See it run here: https://runkit.com/58923e6f56d1720014b8b4d1/58923f648417ac00141964d7

Command Line Usage
------------------

npm install reduce-group -g

first, find some data in ndjson format, with objects with keys and values on each line. Something like

```
cat data.json

{ "key": ["c3rrcv5","Robbery"], "value": 3}
{ "key": ["c3rrcv4","Robbery"], "value": 2}
{ "key": ["c3rrcv1","Robbery"], "value": 2}
{ "key": ["c3rrcv0","Robbery"], "value": 1}
{ "key": ["c3rrcyz","Robbery"], "value": 3}
{ "key": ["c3rrcv5","Assualt"], "value": 1}
{ "key": ["c3rrcv4","Assualt"], "value": 1}
{ "key": ["c3rrcv1","Assualt"], "value": 1}
{ "key": ["c3rrcv0","Robbery"], "value": 1}
{ "key": ["c3rrcv5","Robbery"], "value": 0}
{ "key": ["c3rrcv4","Robbery"], "value": 2}
{ "key": ["c3rrcv1","Robbery"], "value" :1.4}
{ "key": ["c3rrcv0","Robbery"], "value": 12}

```

so to reduce to the sums of all crime types in a geohash, do the following:

```
cat mapped.json | reduce-group

{ key: [ 'c3rrcv0' ], value: 14 }
{ key: [ 'c3rrcv1' ], value: 4.4 }
{ key: [ 'c3rrcv4' ], value: 5 }
{ key: [ 'c3rrcv5' ], value: 4 }
{ key: [ 'c3rrcyz' ], value: 3 }
```

by default this is run with a --group_level=1. You can change the it to a level 2, like so:

```
cat mapped.json | reduce-group --group_level=2

{ key: [ 'c3rrcv0', 'Robbery' ], value: 14 }
{ key: [ 'c3rrcv1', 'Assualt' ], value: 1 }
{ key: [ 'c3rrcv1', 'Robbery' ], value: 3.4 }
{ key: [ 'c3rrcv4', 'Assualt' ], value: 1 }
{ key: [ 'c3rrcv4', 'Robbery' ], value: 4 }
{ key: [ 'c3rrcv5', 'Assualt' ], value: 1 }
{ key: [ 'c3rrcv5', 'Robbery' ], value: 3 }
{ key: [ 'c3rrcyz', 'Robbery' ], value: 3 }
```

The ndjson output will be ordered by key. It is using _sum to reduce the value, grouped by the first two columns of the key.

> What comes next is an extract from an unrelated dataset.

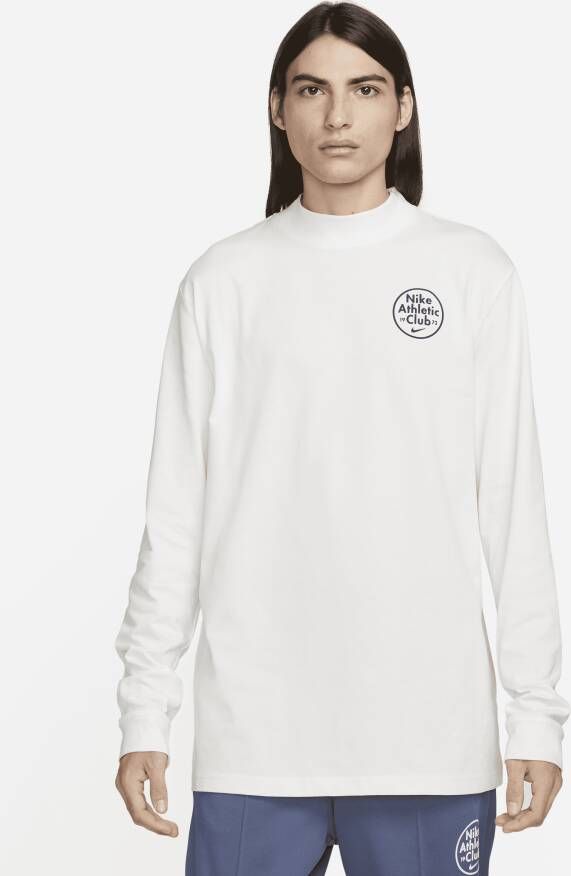 Nike Sportswear T-shirt met opstaande kraag en lange mouwen voor heren Wit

There are other built in functions, eg _count

```
cat mapped.json | reduce-group --reduce=_count

{ key: [ 'c3rrcv0' ], value: 3 }
{ key: [ 'c3rrcv1' ], value: 3 }
{ key: [ 'c3rrcv4' ], value: 3 }
{ key: [ 'c3rrcv5' ], value: 3 }
{ key: [ 'c3rrcyz' ], value: 1 }
```

```
example.json | reduce-group --group_level=2 --reduce=_count
{"key":["c3rrcv0","Robbery"],"value":3}
{"key":["c3rrcv1","Assualt"],"value":1}
{"key":["c3rrcv1","Robbery"],"value":2}
{"key":["c3rrcv4","Assualt"],"value":1}
{"key":["c3rrcv4","Robbery"],"value":2}
{"key":["c3rrcv5","Assualt"],"value":1}
{"key":["c3rrcv5","Robbery"],"value":2}
{"key":["c3rrcyz","Robbery"],"value":1}
```

and _stats

```
cat mapped.json | reduce-group --reduce=_stats

{"key":["c3rrcv0"],"value":{"min":1,"max":12,"sum":14,"count":3,"sumsqr":146}}
{"key":["c3rrcv1"],"value":{"min":1,"max":2,"sum":4.4,"count":3,"sumsqr":6.96}}
{"key":["c3rrcv4"],"value":{"min":1,"max":2,"sum":5,"count":3,"sumsqr":9}}
{"key":["c3rrcv5"],"value":{"min":0,"max":3,"sum":4,"count":3,"sumsqr":10}}
{"key":["c3rrcyz"],"value":{"min":3,"max":3,"sum":3,"count":1,"sumsqr":9}}
```

All Options
-----------

- --group_level=1 What level to group the data at,
- --reduce=_sum How to reduce. Can be _sum, _stats, _count or a custom reduce function
- --file=reduce.js Define a reduce in an external js file.
- --db_module=memdown What backing to store the reduce in. Larger datasets might want 'leveldown'
- --db_path=./data Where to store a persistent level store like leveldown.
- --separator='\xff' The default separator in the underlying leveldb

Future
------

This is the first release. I plan to have reduce options such as _sum, _count and _stats in the future.